What you should do: Copy exactly the lines from the line holding "Travel Duffel Bag" through the end of the material, and no others; pictures stay out.

Information shown:
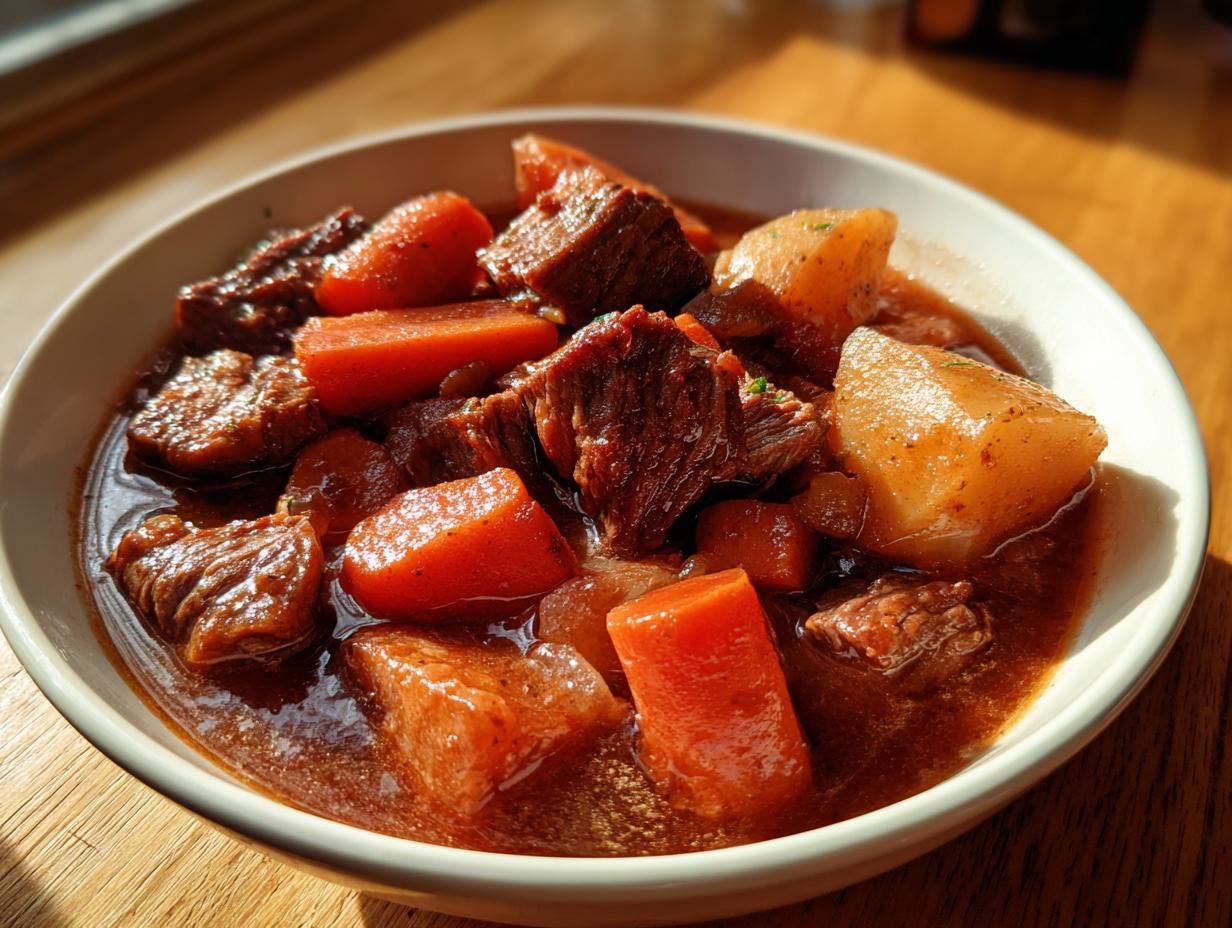 Close-up of a bowl filled with tender chunks of pork stew, carrots, and potatoes in a rich brown gravy.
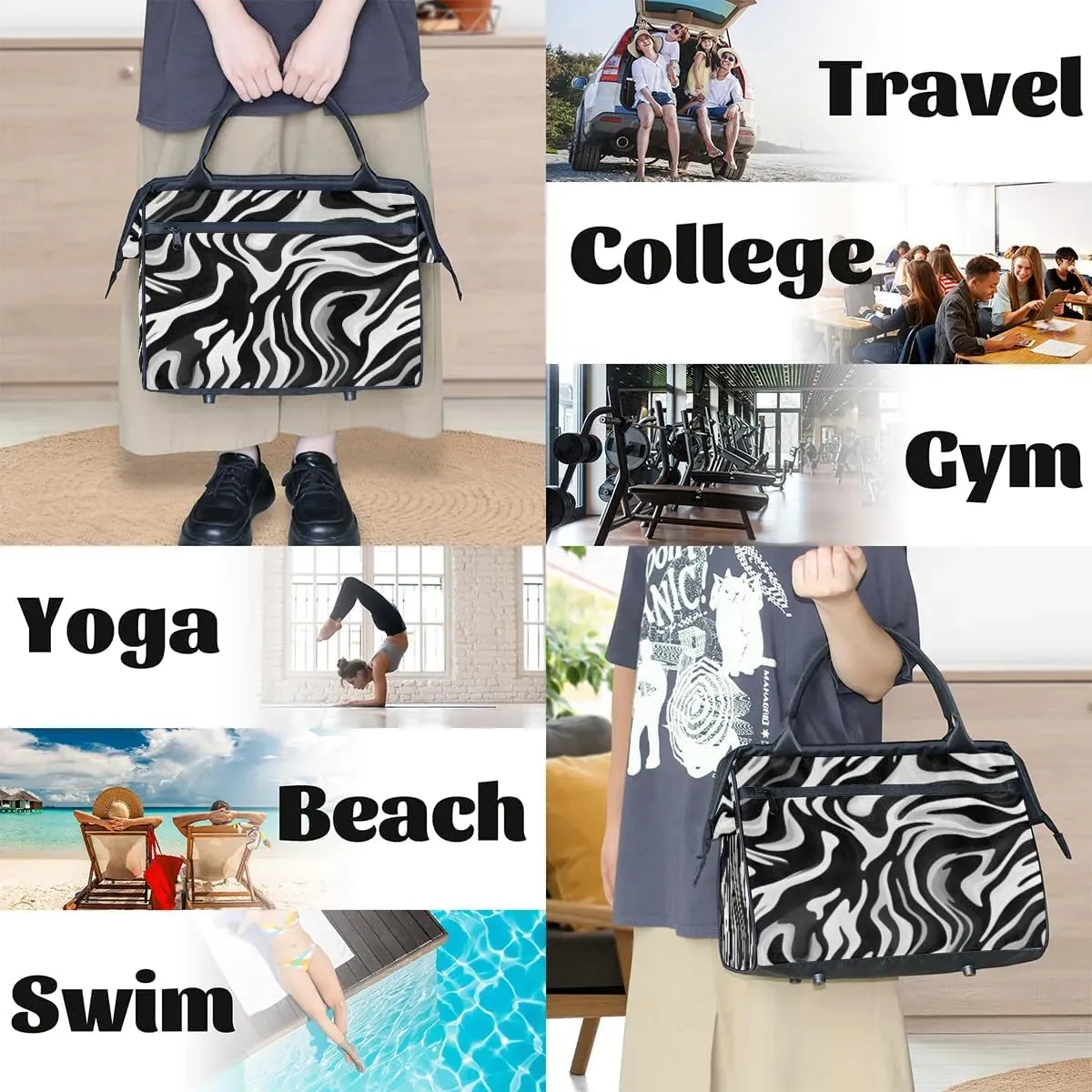 Travel Duffel Bag for Women, Zebra Skin Printing Weekender Overnight Bag Carry on Beach Swim Bags Dance Bag Airlines Approved Personal Item Travel Bag for Yoga, Sports, Hospital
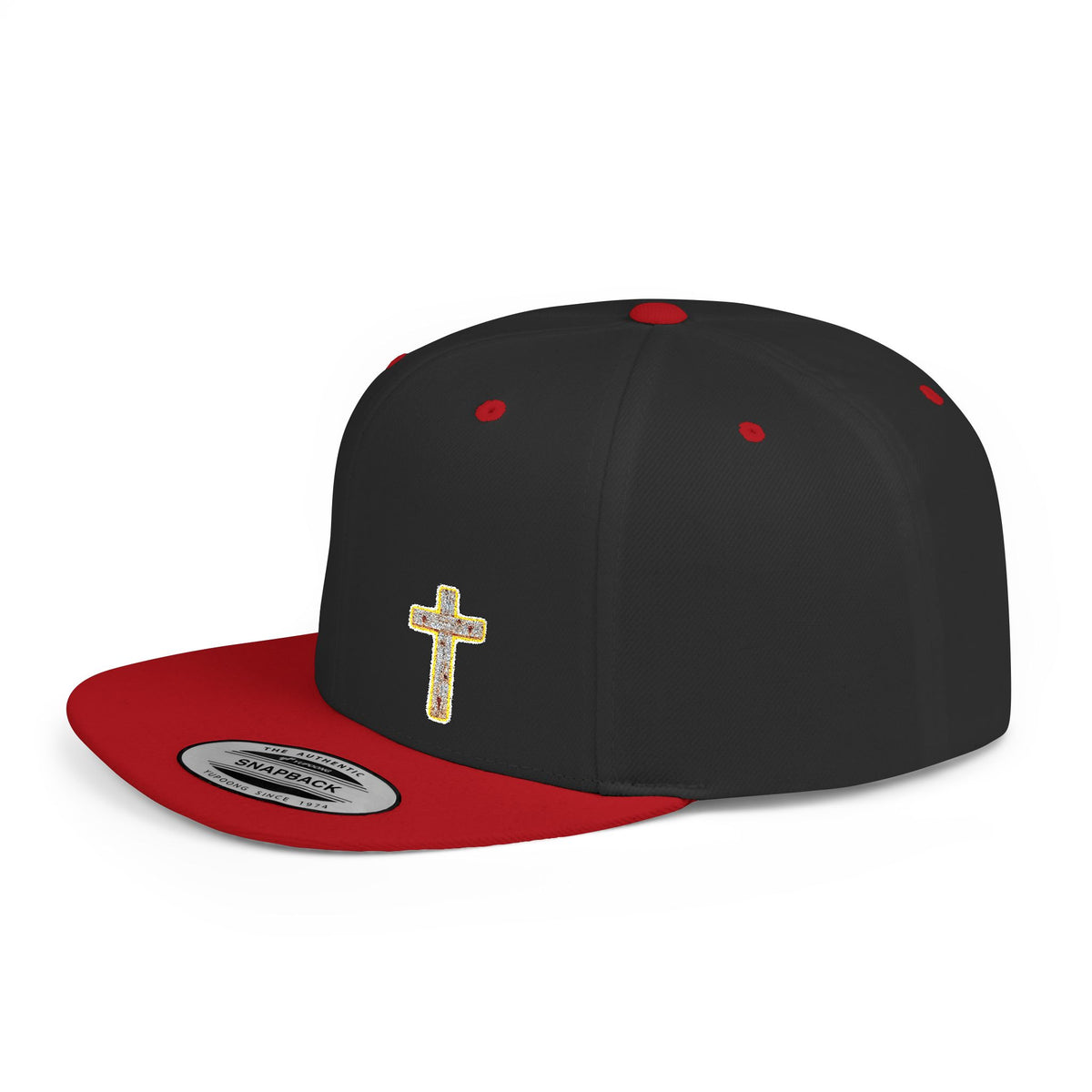 Christian Cross Flat Bill Snapback Cap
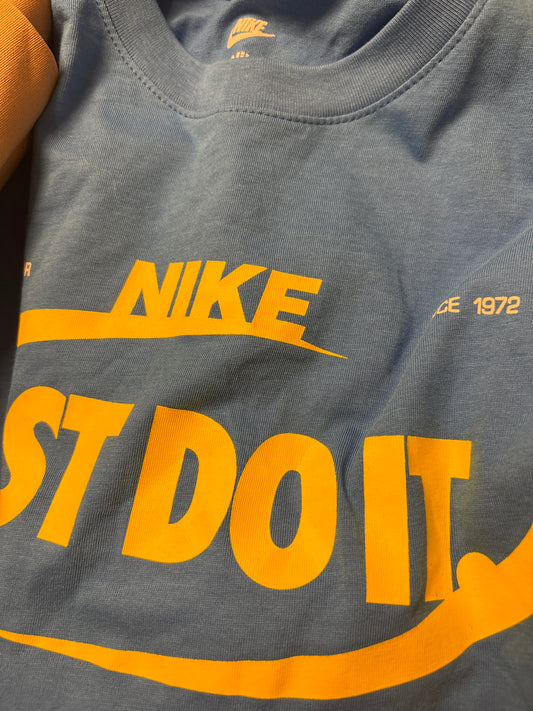 Nike Shirt Just Do it , Größe M in gelb/blau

Problem solution:
 Travel Duffel Bag for Women, Zebra Skin Printing Weekender Overnight Bag Carry on Beach Swim Bags Dance Bag Airlines Approved Personal Item Travel Bag for Yoga, Sports, Hospital
 Christian Cross Flat Bill Snapback Cap
 Nike Shirt Just Do it , Größe M in gelb/blau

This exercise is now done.